One of the things JoAnn and I did share, however, was a personality that gathered steam in the evening hours. We belong to the variety of person made for dinner parties, a type that reaches its zenith of energy and intellect around the time the second course is served. We almost always telephoned each other after sundown, sometimes talking for hours—she from her chintz-upholstered bedroom at our family farm in Tennessee, and I from my apartment in New York City—relaying news and sharing all our latest jokes and outrages. The previous evening, though, she’d made her nightly phone call with news of an unexpected nature.

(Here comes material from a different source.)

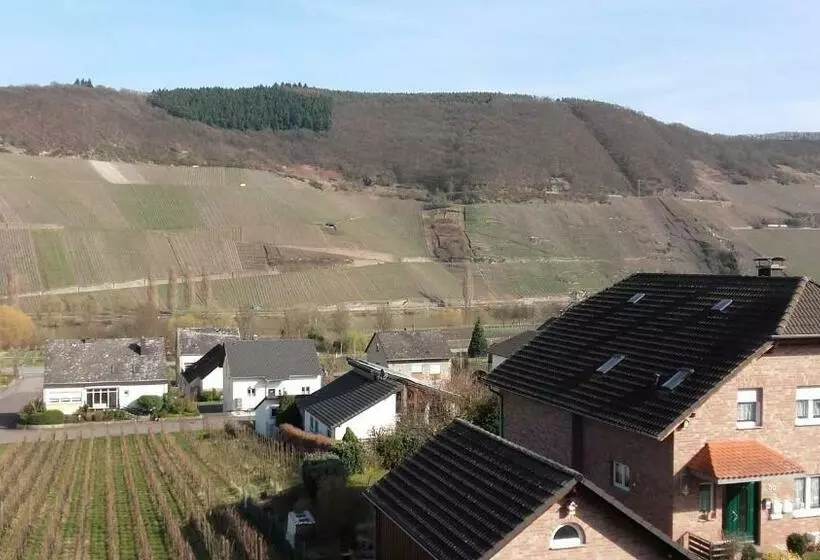 Aamiaismajoitus (B&B) Gästehaus Moselblick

“Hello, darling,” she’d said. From that first “darling,” I knew there was trouble afoot. “I’m afraid I need to talk to you about something serious.” She was phoning from a hotel room in Houston, the city we both called home, even though neither of us had lived there for years. And I was attempting to fry chicken in my mattress-sized kitchen. “Not having fun?” I asked, trying to hold on to the receiver through the greasy bread crumbs that coated my fingers. I’d been waiting to hear JoAnn’s updates on her annual return to her old stomping grounds. For the past several months, as I’d battered and fried my way through the Paula Deen cookbook, I’d listened as she’d devised rendezvous with all her best girlfriends and epic lunches at all her favorite restaurants. I’d been steadily apprised of my grandmother’s military-style checklists of proposed shopping expeditions. I couldn’t wait to hear all about her trip, even if I did burn the chicken.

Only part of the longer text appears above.